Since P1’s action against X does not have its own source of SMJ (the parties are not diverse and the jurisdictional minimum is not met), the question is whether there is supplemental jurisdiction for it under 28 USC 1367. P1 & P2 v. D looks like an adequate diversity case (there is complete diversity and the jurisdictional minimum is met). Furthermore, P1’s action against X is part of the same constitutional case or controversy as P1 & P2 v. D, so 1367(a) is satisfied.
What most of you said at this point is that X was joined under Rule 20 and that P1’s action against X was therefore an action by a plaintiff against someone made a party under R. 20. It therefore fell under one of the exceptions to supplemental jurisdiction spelled out in 1367(b).

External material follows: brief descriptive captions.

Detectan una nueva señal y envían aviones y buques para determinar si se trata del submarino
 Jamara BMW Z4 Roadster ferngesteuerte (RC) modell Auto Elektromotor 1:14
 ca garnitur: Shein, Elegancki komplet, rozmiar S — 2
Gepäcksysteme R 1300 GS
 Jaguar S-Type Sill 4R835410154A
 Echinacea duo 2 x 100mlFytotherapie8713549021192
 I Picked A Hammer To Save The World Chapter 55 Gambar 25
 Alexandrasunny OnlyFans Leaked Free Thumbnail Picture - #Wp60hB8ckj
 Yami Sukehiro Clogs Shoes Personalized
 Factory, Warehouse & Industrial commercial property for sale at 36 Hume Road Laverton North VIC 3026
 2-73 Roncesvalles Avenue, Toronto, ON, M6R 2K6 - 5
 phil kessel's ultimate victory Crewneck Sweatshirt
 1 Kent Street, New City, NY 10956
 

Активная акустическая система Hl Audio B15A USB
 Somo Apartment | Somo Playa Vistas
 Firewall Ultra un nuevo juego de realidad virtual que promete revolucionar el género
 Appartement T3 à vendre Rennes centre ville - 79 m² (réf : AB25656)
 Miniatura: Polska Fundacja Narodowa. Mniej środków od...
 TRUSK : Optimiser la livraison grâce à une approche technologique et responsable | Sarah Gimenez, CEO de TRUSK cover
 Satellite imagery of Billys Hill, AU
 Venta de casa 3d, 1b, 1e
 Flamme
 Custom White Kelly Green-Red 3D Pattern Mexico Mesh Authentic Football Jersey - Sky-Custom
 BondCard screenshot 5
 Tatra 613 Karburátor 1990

But it is worth mentioning that 13(h) governs the joinder of parties to crossclaims, and that is what is going on here: X is being joined to P1’s crossclaim against P2. Therefore, there is an argument that this action does not fall under the exceptions in 1367(b), since 1367(b) does not mention actions by plaintiffs against persons made parties under 13(h). Another drafting error. It was a recognition of this error that I was really looking for in the essay. If you mentioned it, you were heavily rewarded. It is possible, however, to say that joinder under 13(h) is joinder under Rules 20 or 19, since 13(h) refers to the standards in Rules 20 and 19.
Indeed the redrafted version of R 13(h) (valid Dec. 1, 2007 and not assigned for the 2007 class) makes it even more explicit that joinder under 13(h) is joinder under 20 (or 19). It says "(h) Joining Additional Parties. Rules 19 and 20 govern the addition of a person as a party to a counterclaim or crossclaim." The previous version said "(h) Joinder of Additional Parties. Persons other than those made parties to the original action may be made parties to a counterclaim or cross-claim in accordance with the provisions of Rules 19 and 20." The old language made it sound as if the language of 19 and 20 were incorporated into 13(h).
Would the fact that the action against X did not fall under the exceptions spelled out in 1367(b) mean that it has supplemental jurisdiction? Not so fast. One might be able to argue that supplemental jurisdiction is unavailable because the addition of X contaminates the original action (P1 & P2 v. D), making that no longer an action over which the court has original jurisdiction. (See Kennedy’s contamination theory in Allapattah.) But one can argue that the Kennedy’s contamination theory does not apply P1’s action against X, because that is not an action by a plaintiff against a defendant. It is an action by a plaintiff against a crossclaim defendant. It is only to actions by plaintiffs against defendants that the contamination theory is meant to apply. I didn’t expect a solution to this puzzle (it is unclear just how far the contamination theory is supposed to go).
As I noted, however, the vast majority of you did not mention the 13(h) issue. You simply said that X was made a party under R. 20 and thus that an exception 1367(b) applied. Incidentally, even here it may be that the real reason that P1’s action against X would not have SMJ is due to the contamination theory. X could contaminate the original action of P1 & P2 v. D, making the question of whether an exception in 1367(b) applies moot. (A few of you noticed this.)
A final issue is that P1’s crossclaim against P2 does not itself have supplemental jurisdiction (it clearly is an action by a plaintiff against someone made a party under R 20 and so clearly falls under an exception in 1367(b)). That creates a problem for how P1’s action against X can be joined under 13(h), since there is no good crossclaim for it to be joined to. I was hoping some of you might mention this problem, but no one did.
Finally, should there be supplemental jurisdiction here? The answer is pretty clearly no. It would be an easy end-run around the diversity statute, since P1, wanting to sue X in federal court but being unable to do so directly because they not diverse, could get the action into federal court anyway, by joining it to what is otherwise an acceptable diversity action. The supplemental jurisdiction statute was drafted (however inadequately) precisely to avoid such strategies.